## Your task
Your reply should set down word for word each line below from the one with "Let's Get Halloweird" through the final line, both included, but none of the pictures.

[Captioned web image data]

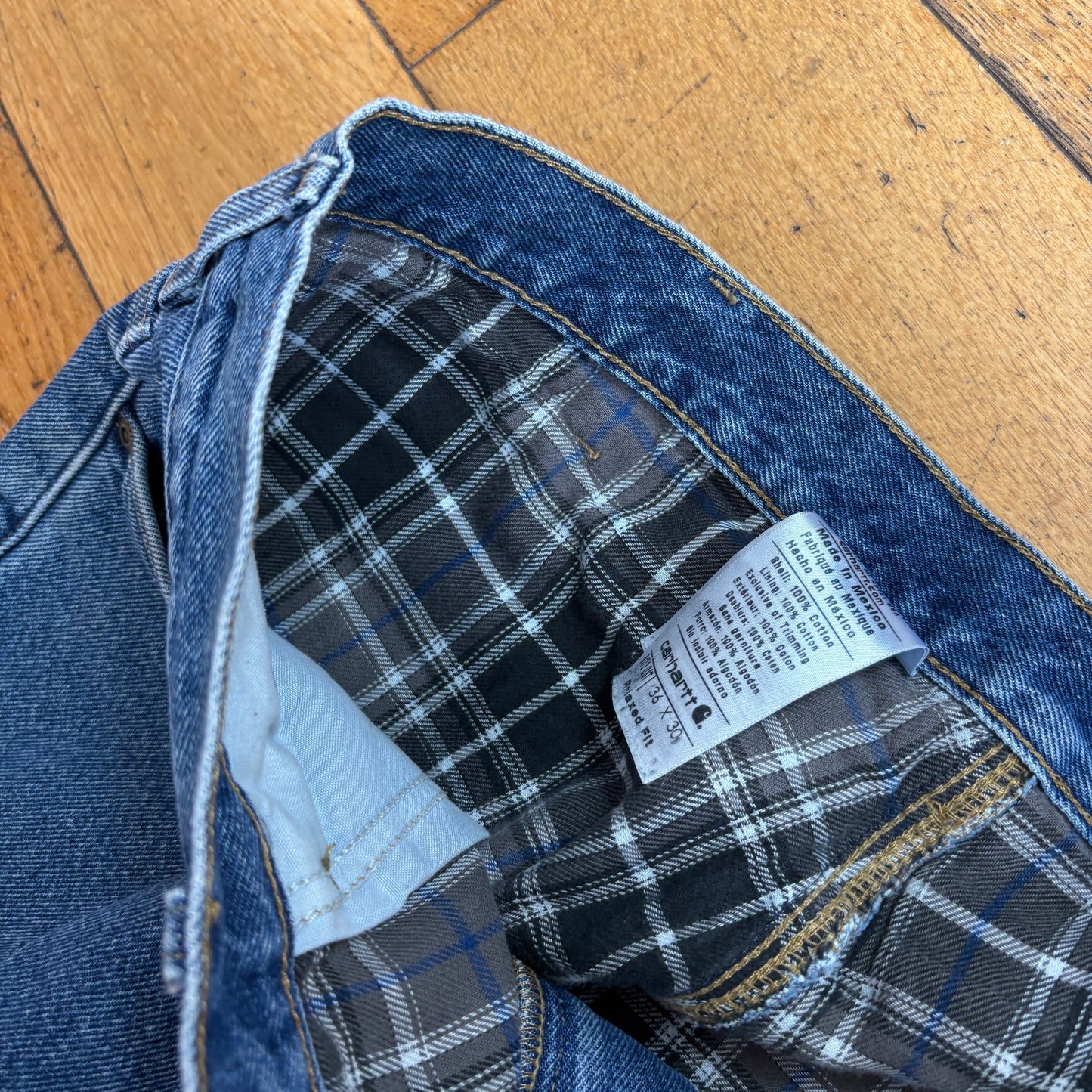 Vintage Carhartt Blue Blanket Lined Workwear Carpenter Baggy Jeans - 36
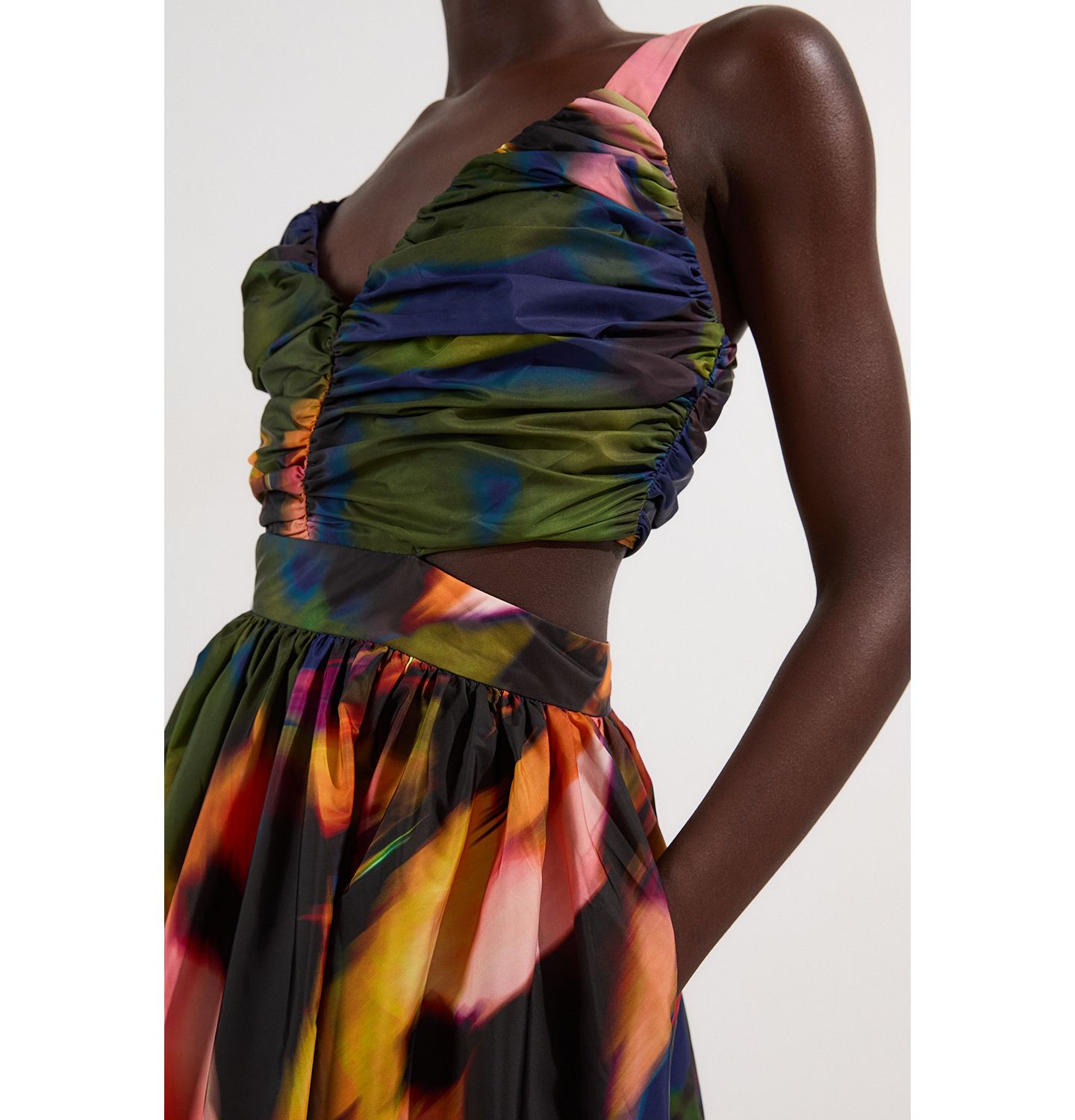 Женское платье Karen Millen Blurred Floral Taffeta Maxi, цвет: Разноцветный — фото 5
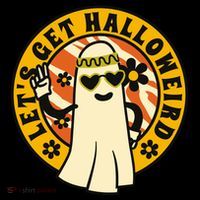Let's Get Halloweird 60s Hippie Ghost Halloween Ornament thumb 1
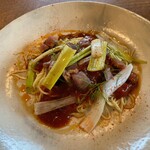 カルティベイト - 今週のランチ メインその2 紀州カツオとトマトのピリ辛和え麺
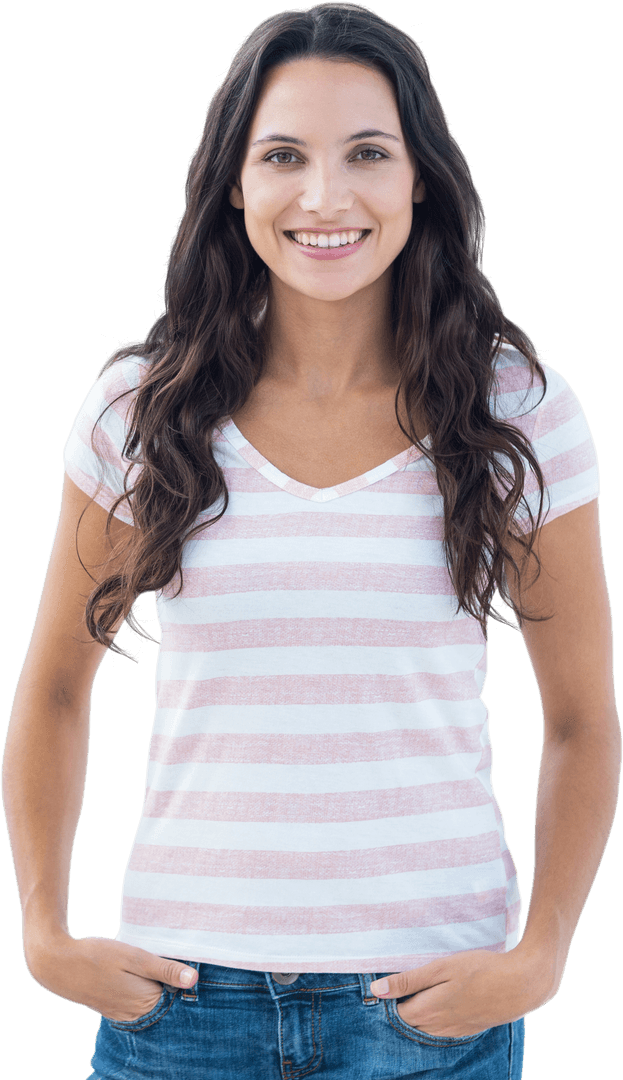 Happy Caucasian Woman on Transparent Background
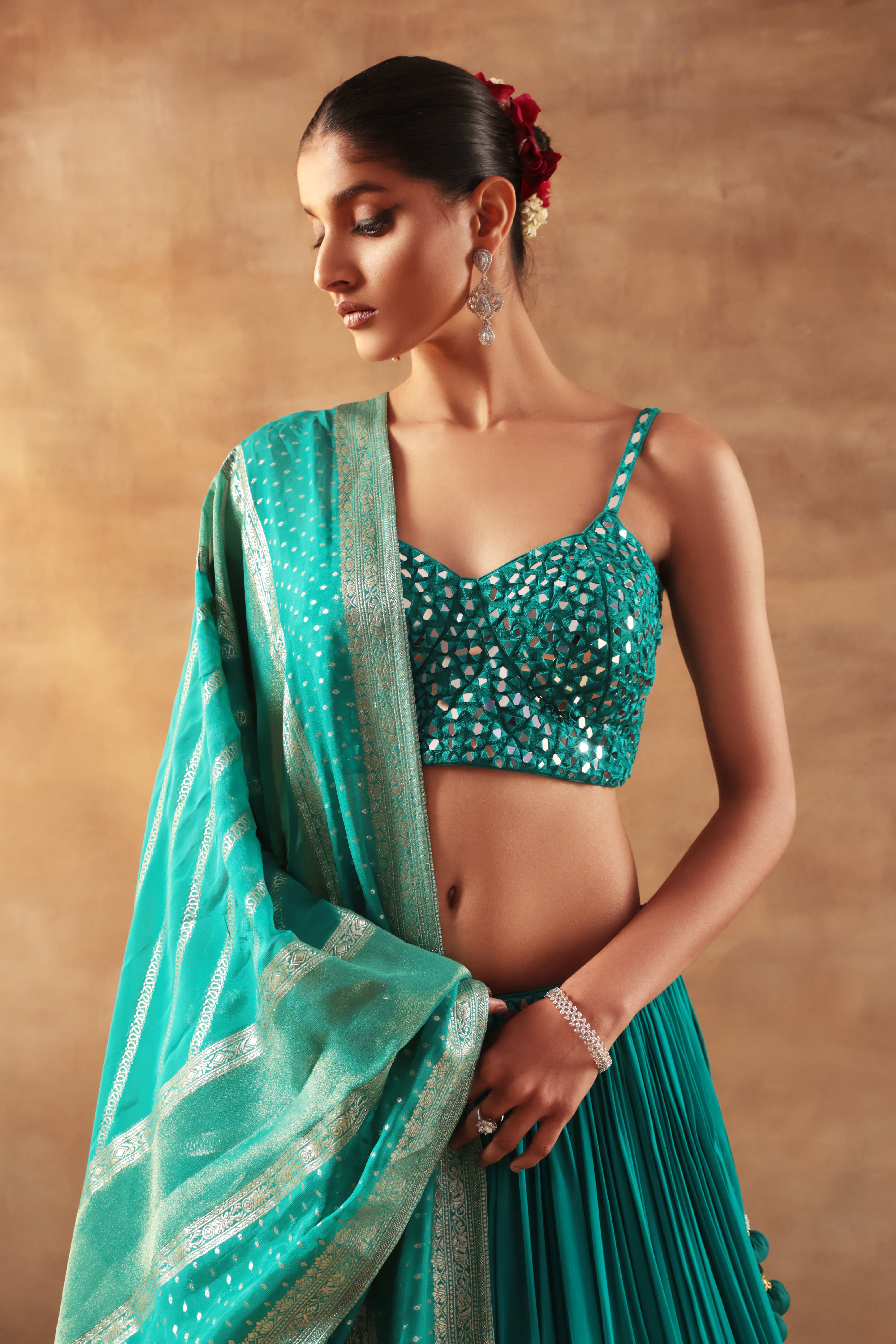 Firozi Mirror Work Lehenga – Festive Wear for Women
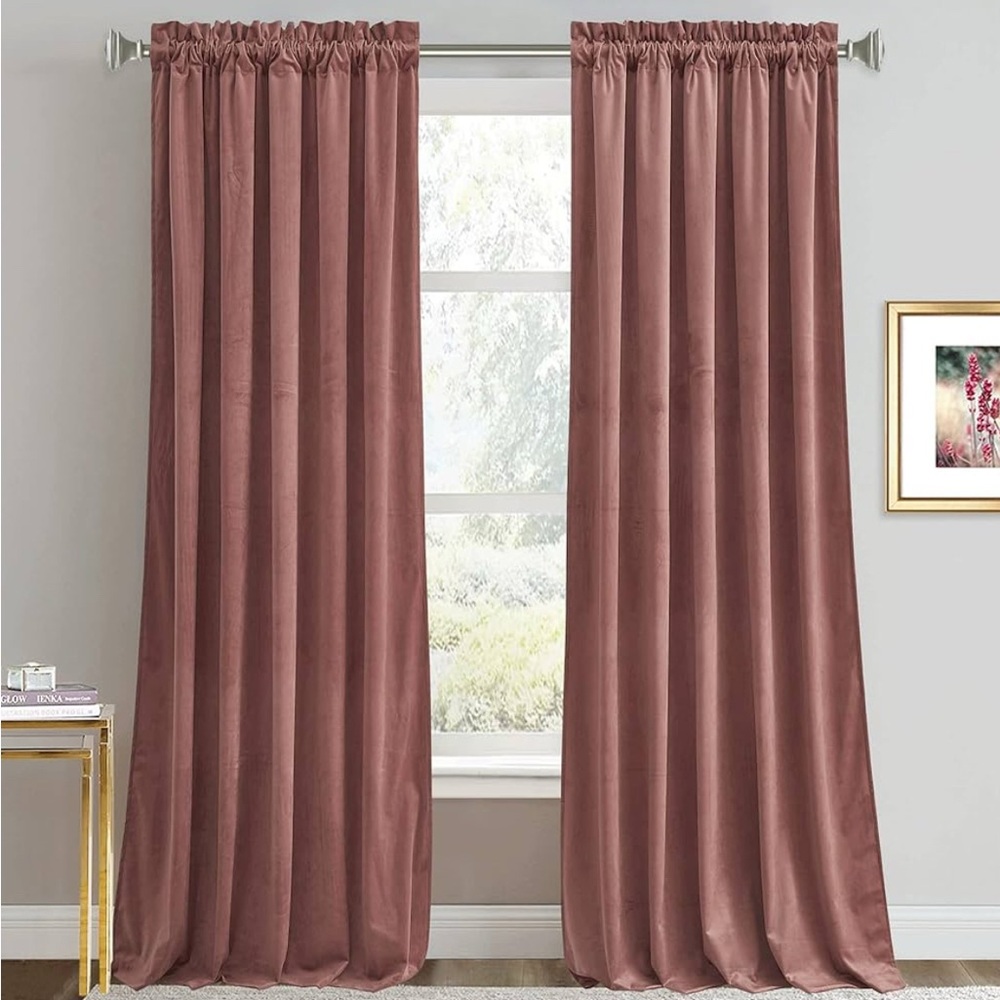 Elegant Wild Rose Velvet Curtains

## Response to the exercise
Let's Get Halloweird 60s Hippie Ghost Halloween Ornament thumb 1
 カルティベイト - 今週のランチ メインその2 紀州カツオとトマトのピリ辛和え麺
 Happy Caucasian Woman on Transparent Background
 Firozi Mirror Work Lehenga – Festive Wear for Women
 Elegant Wild Rose Velvet Curtains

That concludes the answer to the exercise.